Long answer to quick question shapj@us.ibm.com
Thu, 2 Sep 1999 12:38:21 -0400

John: [others in case interested]

You're right. There's no short answer.

In general, going to 32-bit processors using the current code base should be simple. There are minimal byte-order dependencies in the current kernel. The major change would be in the trap handler (easy) and the memory manager (more involved, depends on the CPU). Doing an initial port, if uninterrupted, would take 3-6 months. Porting to machines with hierarchical page tables (e.g. 68k) could use substantially the current memory logic, and would be closer on the 3 month end of the spectrum. A quick and dirty MIPS port accomplished by implementing the hierarchy in software could be done in about that time frame.

32-bit PPC, because of the hash-structured page tables, requires a good bit more thought. Also, a port that takes proper advantage of the MIPS software reload would take more thought. Both of these get into the 6 month span.

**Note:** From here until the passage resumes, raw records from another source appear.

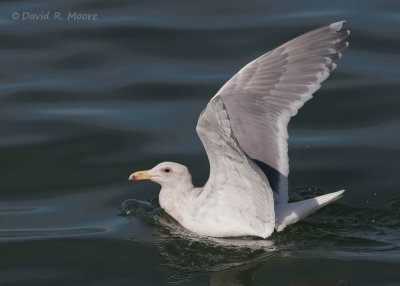 Glaucous-winged Gull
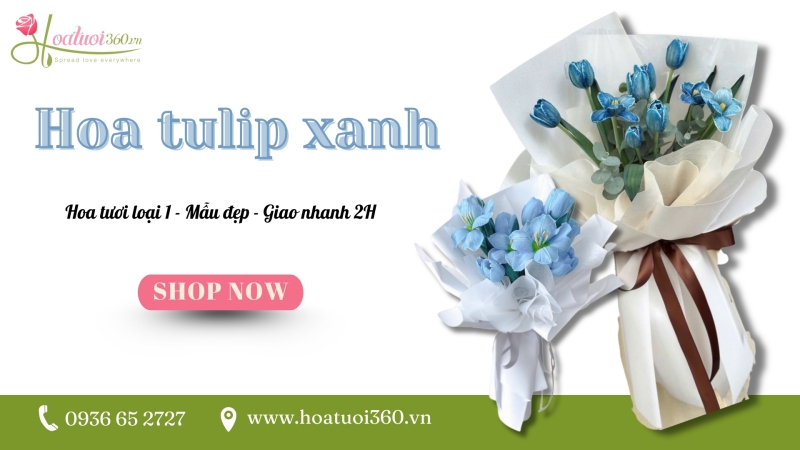 địa chỉ mua hoa tulip xanh đẹp, giá tốt 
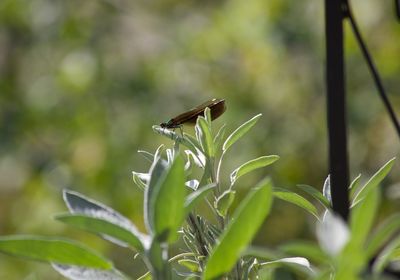 Close-up of butterfly on plant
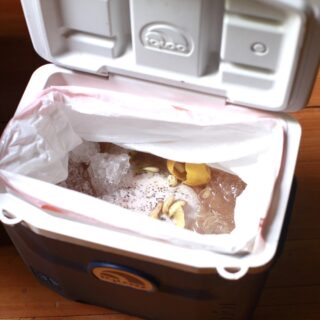 wet brine turkey in cooler
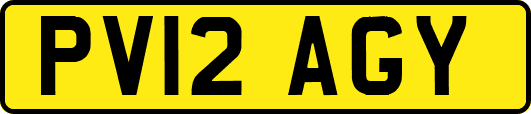 PV12AGY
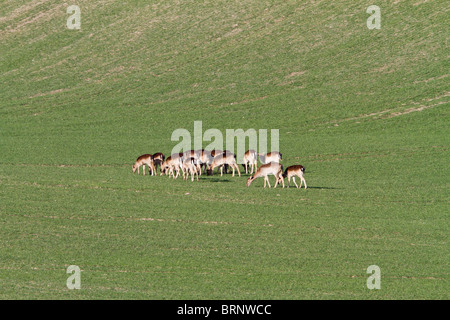 9576 Damhirsch (Dama Dama) in Weizen Feld zeigen beschneiden Aussetzungsantrag Stockfoto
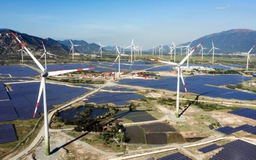 Trungnam Group ủng hộ 1 triệu USD cho Quỹ vaccine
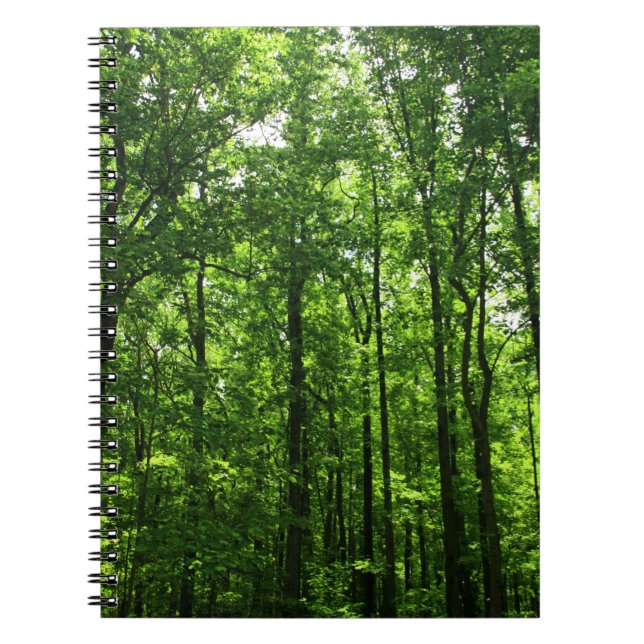 Green Trees Notebook #6183 (Front)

In the PPC case, we could in the interest of time view the hashed lookup mechanism as a 2nd level TLB cache, back that with software-implemented tree structured translation, and arrive at a quick port in ~4 months. The main issue on these CPUs is that I suspect a good bit of the current code is heavily dependent on the fact that we presently run on a hierarchically translated machine.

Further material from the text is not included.